DataflowJavaSDK
DataflowJavaSDK copied to clipboard
Additional Pipeline Example - Backing up Datastore -> GCS
Example code:
https://github.com/cobookman/DatastoreToGCS/blob/master/src/main/java/com/google/datastorebackup/Main.java
Had a customer ask how to do this. Found that it's not as trivial as it should be and might be a good example. Could also have the pipeline write to BigQuery as well. This is a not uncommon use case.
Let me know if you'd like me to submit a pull req.
I see that your converting to json using a custom converter, is there a reason why your not just using the canonical proto json format converter?
Didn't know that was a possibility, and couldn't find the specific method.

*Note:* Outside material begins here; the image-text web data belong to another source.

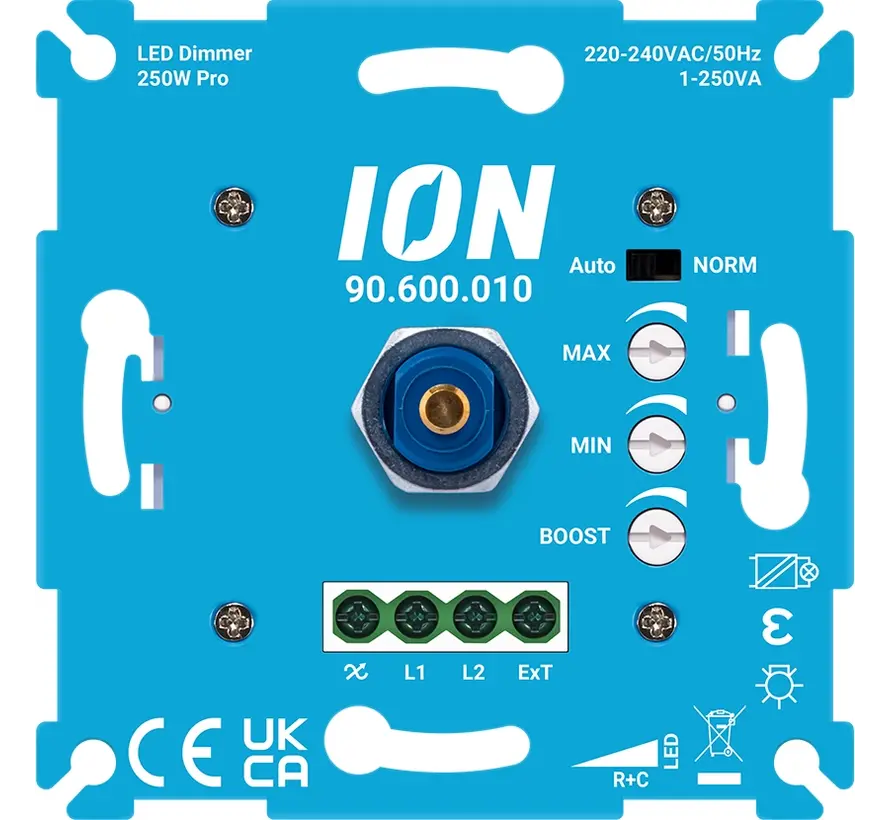 universele LED-dimmer Pro 0,3-250 watt RC met boostfunctie (90.600.010)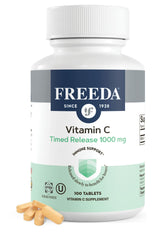 Freeda Vitamine C 1000 mg à libération lente, bouteille et comprimés faciles à prendre.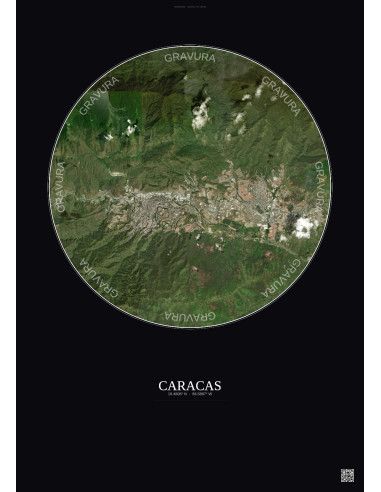 Caracas Satellite View Poster 10km Color | Gravura – Dark background
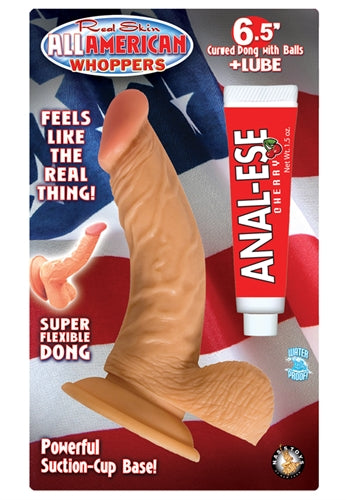 RealSkin All American Whoppers Curved Dildo w/ Balls and Lube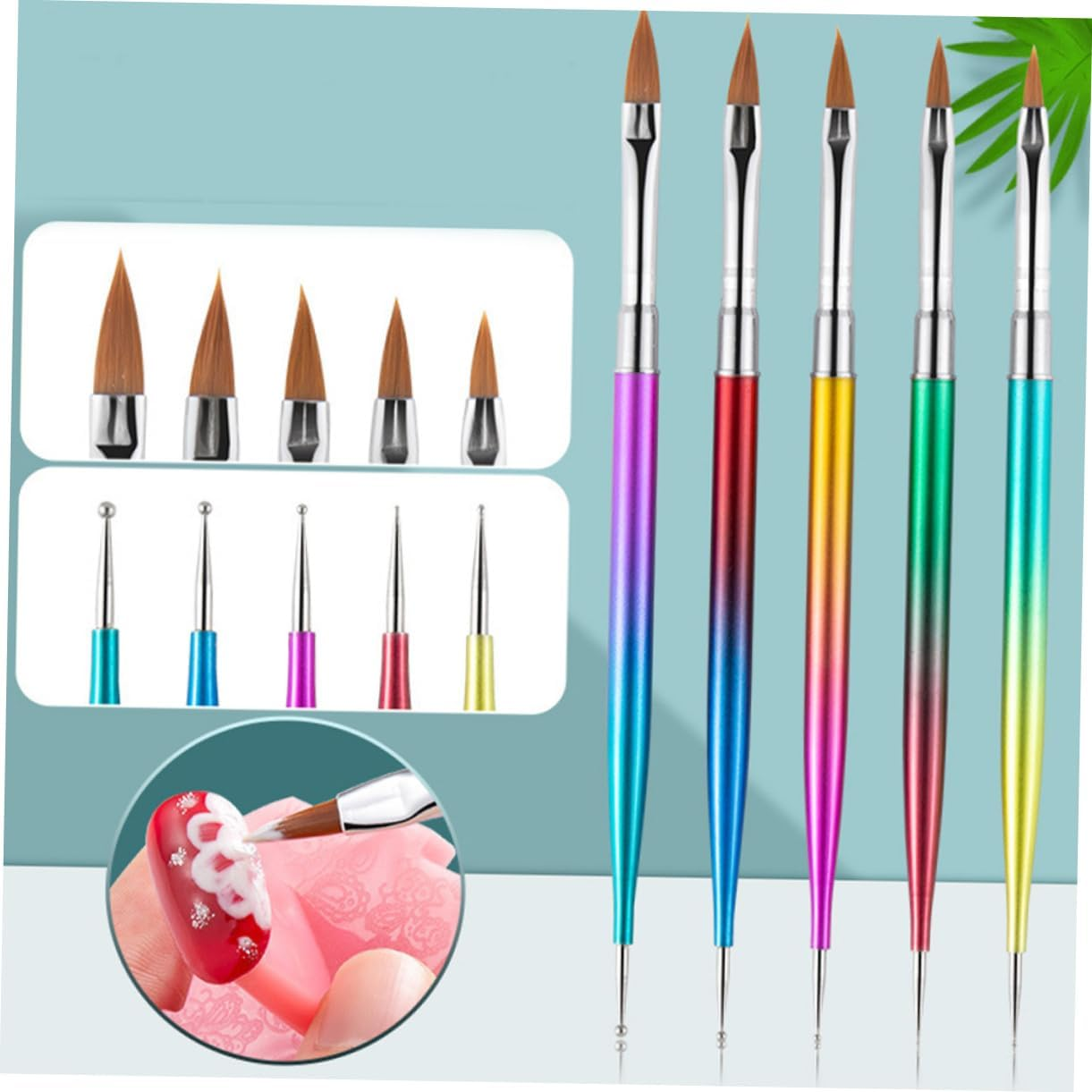 WEKADRIN 5Pcs Gradient Rod Uv Gel Pen Set Double-Ended Point Drill Nail Art Tool for Manicure Designs Lightweight Convenient Crafting image number 6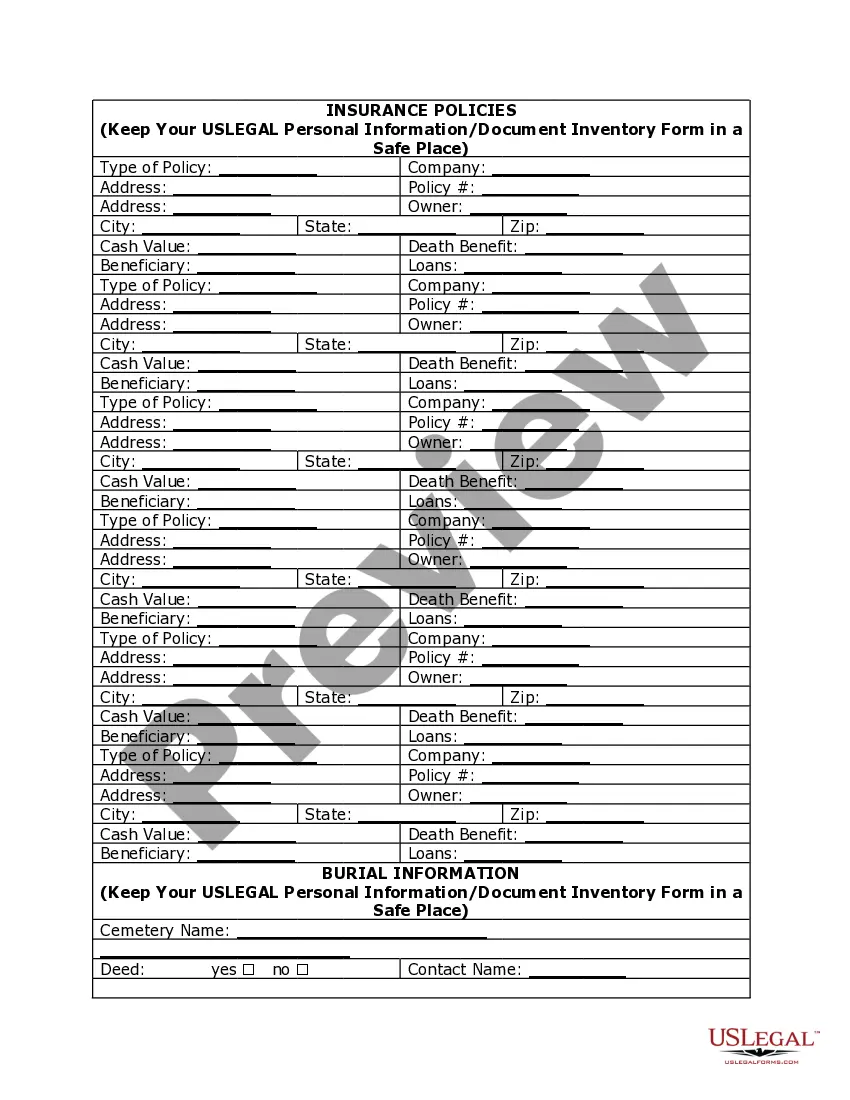 Get Personal Planning Information and Document Inventory Worksheets - A Legal Life Document Preview Personal Planning Information and Document Inventory Worksheets - A Legal Life Document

How would one convert the Datastore Entity to Json through the proto json converter.
I think your looking for: https://github.com/google/protobuf/blob/master/java/util/src/main/java/com/google/protobuf/util/JsonFormat.java
Got JSONFormat working :D.
Was simple stupid do do Datastore->GCS and GCS->Datastore.
I couldn't find any online examples of JSONFormat being used so I think adding this example would go a long way. This also seems like a common use case.
Here's an example of JSONFormat being used to print the Datastore Entities: https://github.com/cobookman/DatastoreToGCS/blob/master/src/main/java/com/google/datastorebackup/Backup.java#L91
@cobookman This is a good candidate for Beam templates. I am working on adding ValueProvider options for DatastoreIO. Once that is in, I can help you translate your example into a template and get it merged to BEAM.
@vikkyrk. Would be more than happy to help get this example get merged into beam.